[What you are asked to do]: For the material below, the expected output is exactly the lines between the line holding "Компьютерный стол в спальне" and the line holding "Photo of attractive", inclusive, with pictures left out.

[Provided information]:
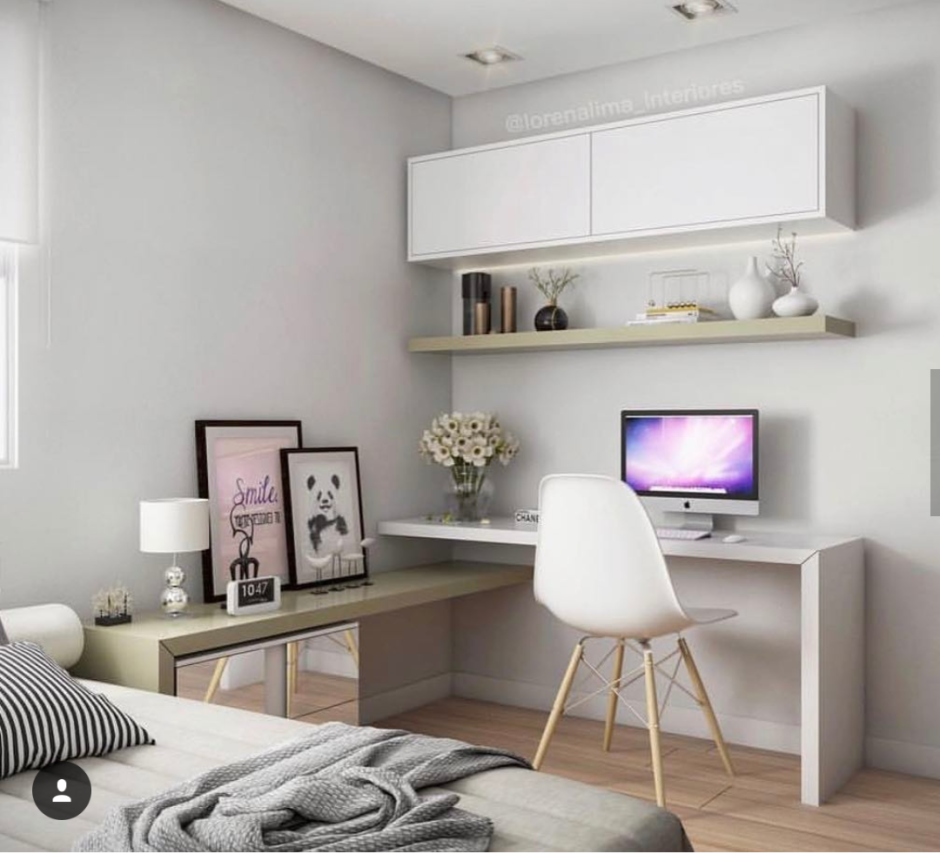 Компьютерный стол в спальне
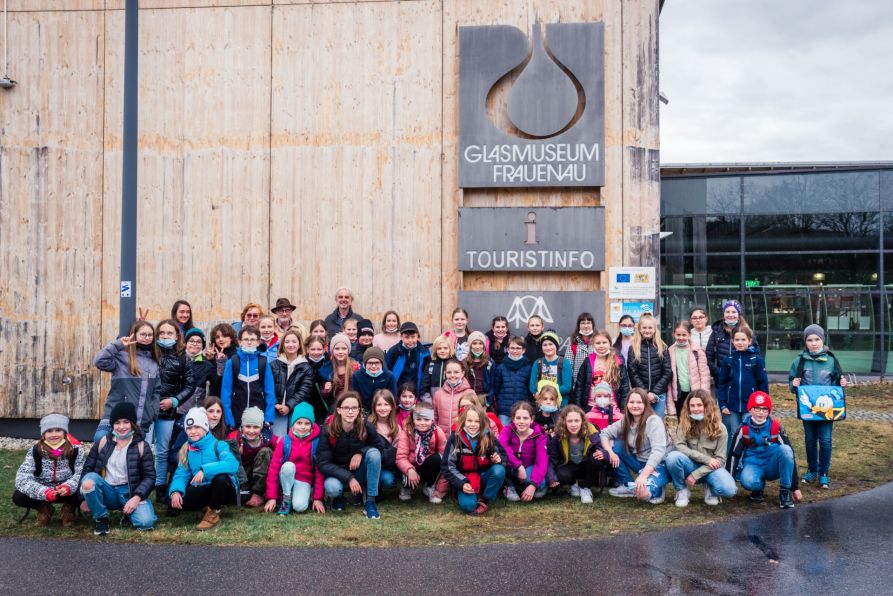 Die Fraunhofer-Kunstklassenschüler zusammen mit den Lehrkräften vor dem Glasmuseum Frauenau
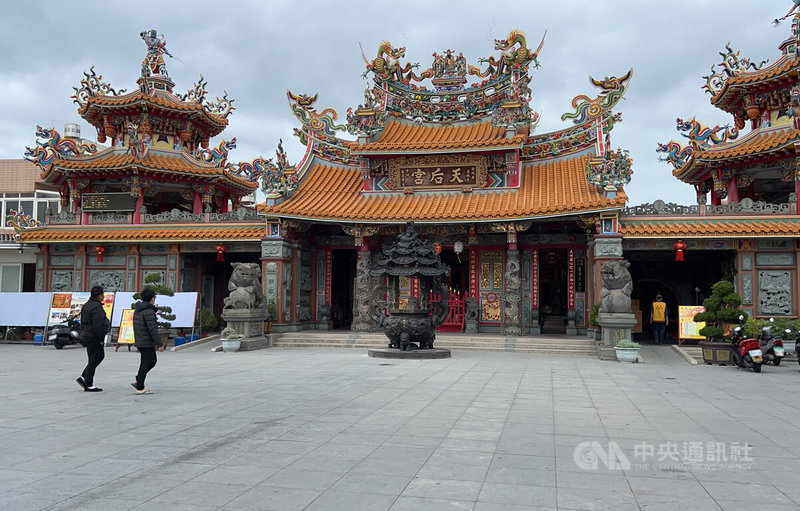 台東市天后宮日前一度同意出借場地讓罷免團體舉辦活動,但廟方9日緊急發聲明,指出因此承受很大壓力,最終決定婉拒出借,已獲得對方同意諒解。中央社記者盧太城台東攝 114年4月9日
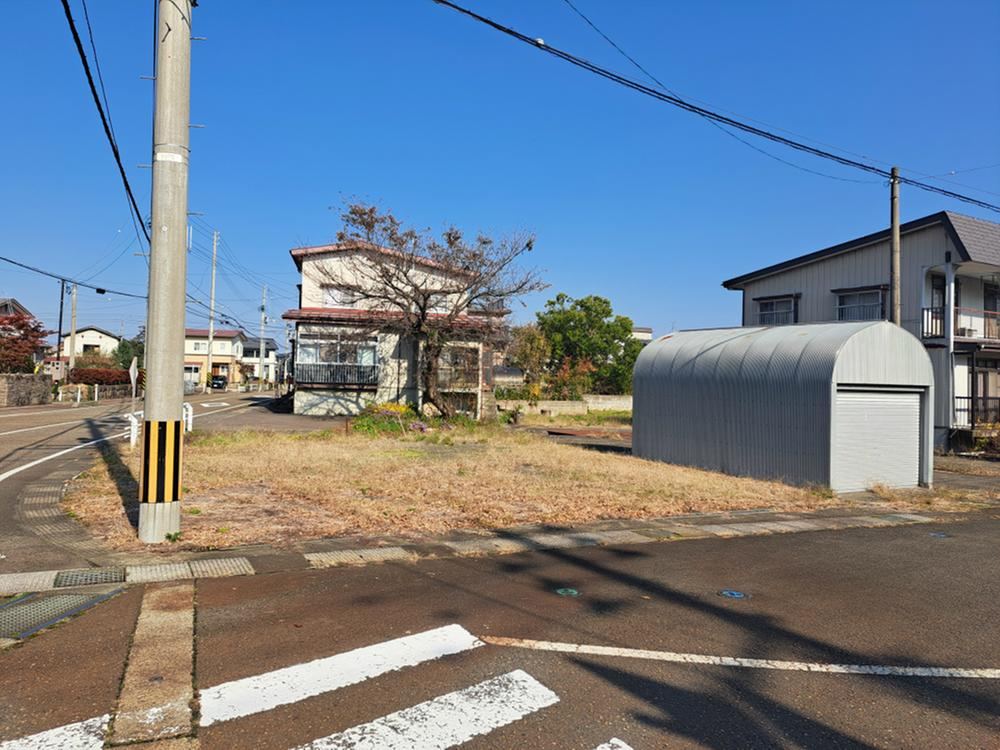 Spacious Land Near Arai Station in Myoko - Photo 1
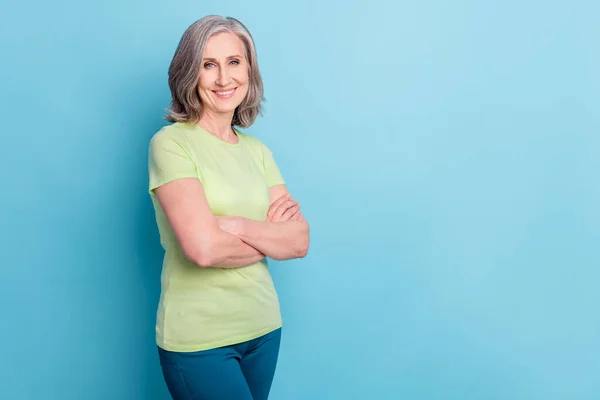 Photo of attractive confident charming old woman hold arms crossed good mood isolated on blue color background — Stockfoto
---
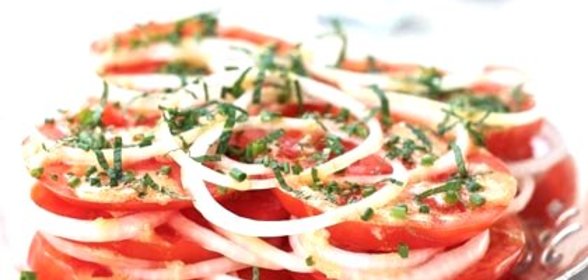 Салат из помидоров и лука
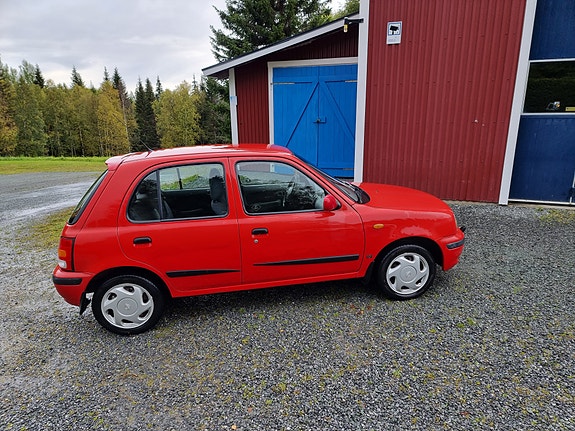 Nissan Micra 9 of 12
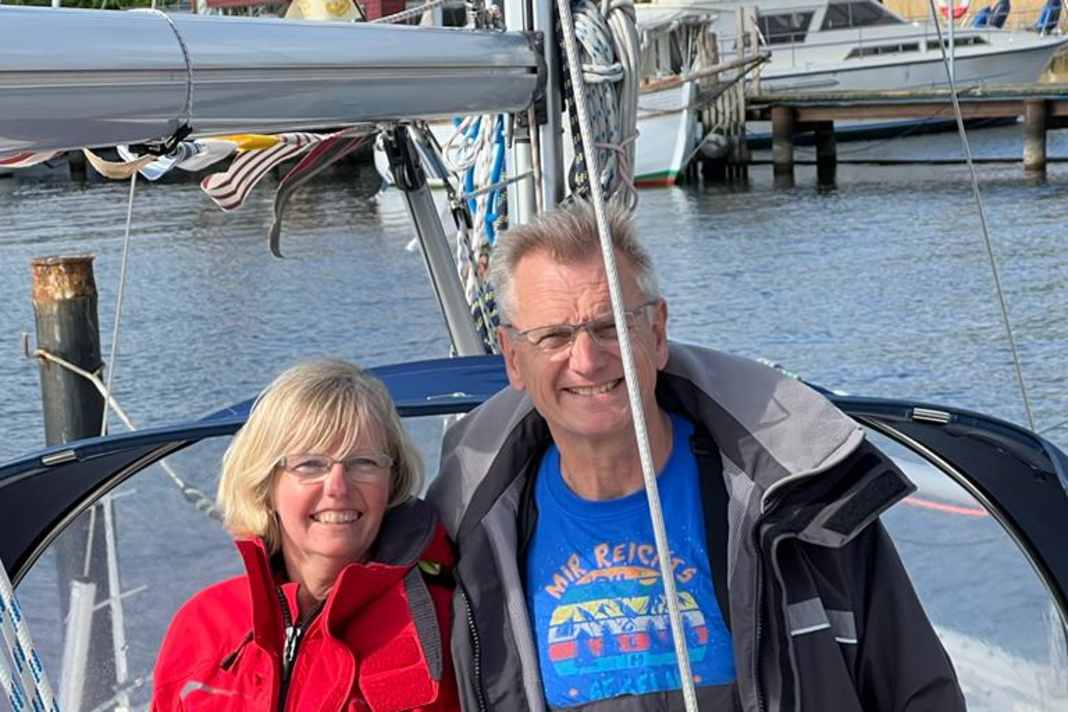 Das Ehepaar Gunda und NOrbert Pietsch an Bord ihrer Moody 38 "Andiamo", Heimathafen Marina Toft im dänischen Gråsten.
==
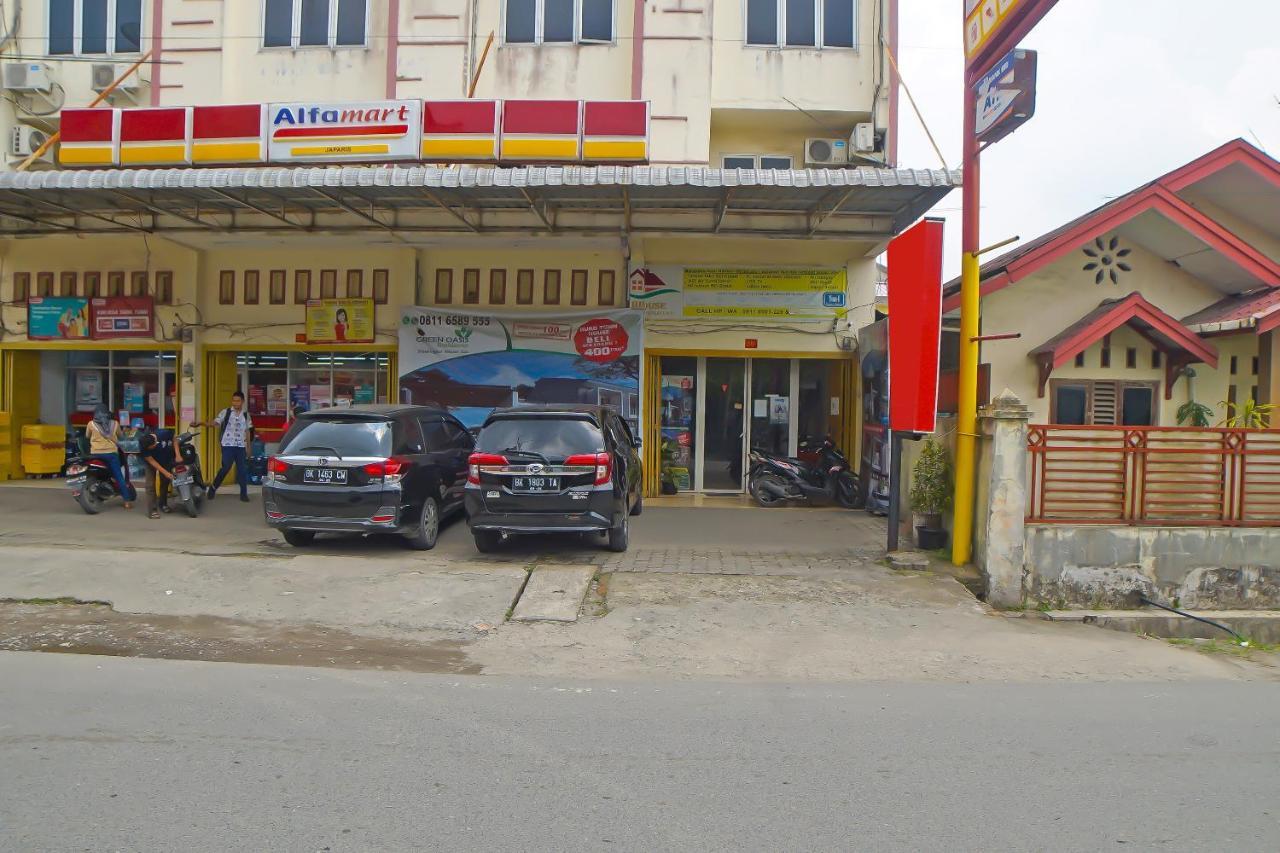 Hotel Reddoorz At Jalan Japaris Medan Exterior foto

[Solution to this task]:
 Компьютерный стол в спальне
 Die Fraunhofer-Kunstklassenschüler zusammen mit den Lehrkräften vor dem Glasmuseum Frauenau
 台東市天后宮日前一度同意出借場地讓罷免團體舉辦活動,但廟方9日緊急發聲明,指出因此承受很大壓力,最終決定婉拒出借,已獲得對方同意諒解。中央社記者盧太城台東攝 114年4月9日
 Spacious Land Near Arai Station in Myoko - Photo 1
 Photo of attractive confident charming old woman hold arms crossed good mood isolated on blue color background — Stockfoto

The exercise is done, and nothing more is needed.